--- Task goal ---
Copy out the data that comes next, character for character, and leave the images aside.

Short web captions
============
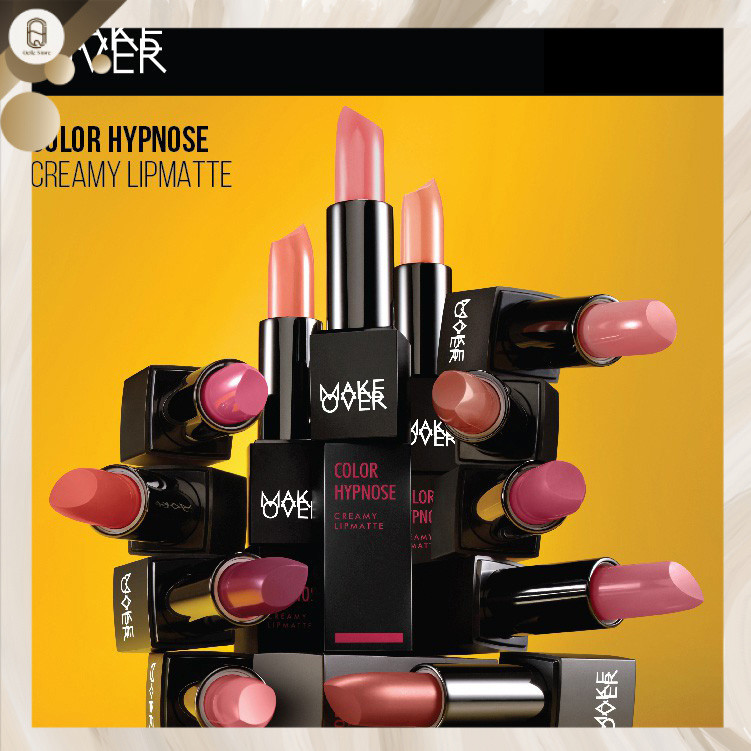 Qeila - Make Over Color Hypnose Creamy Lipmatte | Lipstick Make Over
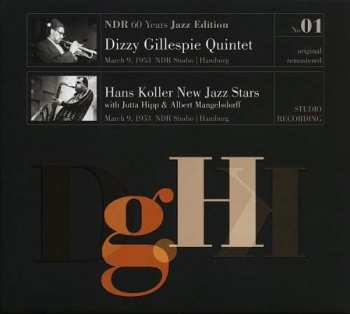 CD Dizzy Gillespie Quintet: NDR 60 Years Jazz Edition No. 01 92643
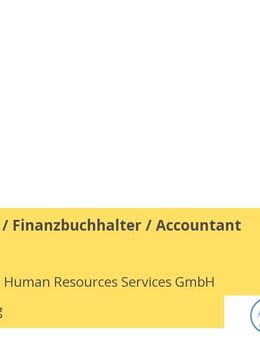 Buchhalter / Finanzbuchhalter / Accountant (w/m/d) - Hamburg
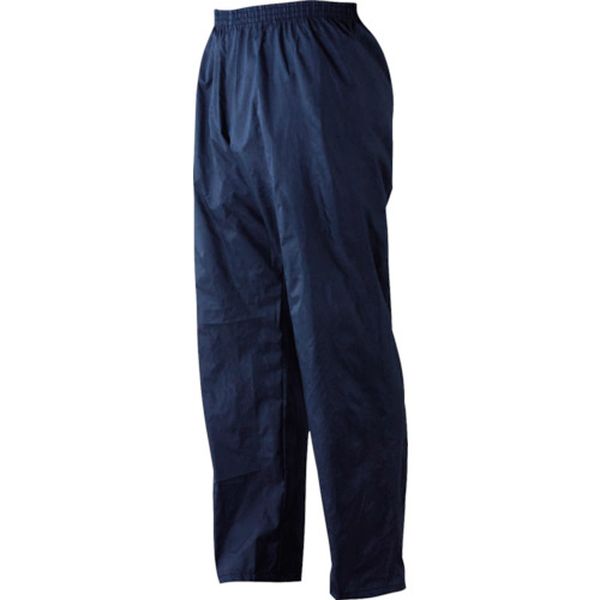 3910LLNB 854-5575  ポリエステルパンツ ネイビー LLサイズ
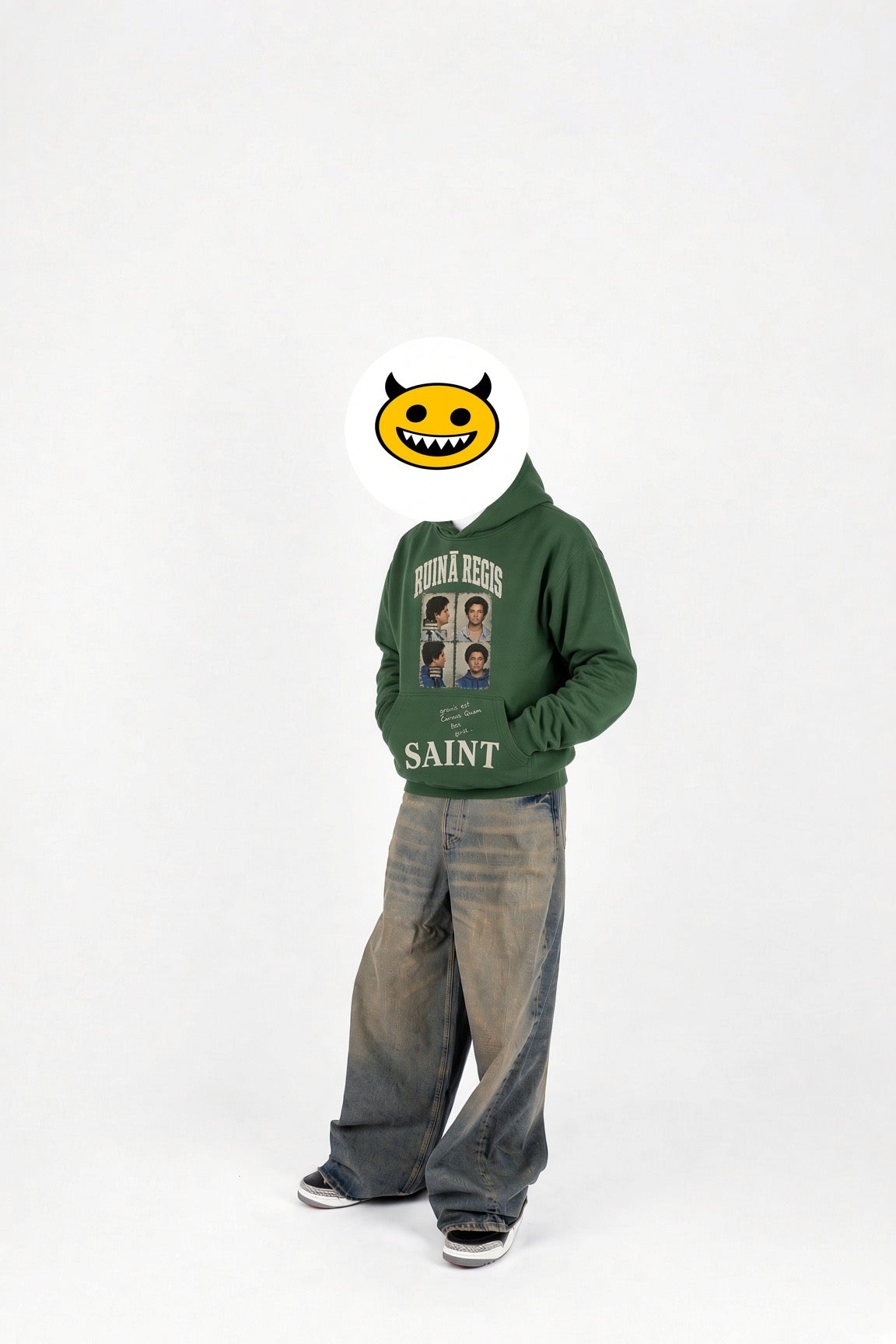 Narcos de SF — model 5'9" Medium (logo over face)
============
--- Answer section ---
 Qeila - Make Over Color Hypnose Creamy Lipmatte | Lipstick Make Over
 CD Dizzy Gillespie Quintet: NDR 60 Years Jazz Edition No. 01 92643
 Buchhalter / Finanzbuchhalter / Accountant (w/m/d) - Hamburg
 3910LLNB 854-5575  ポリエステルパンツ ネイビー LLサイズ
 Narcos de SF — model 5'9" Medium (logo over face)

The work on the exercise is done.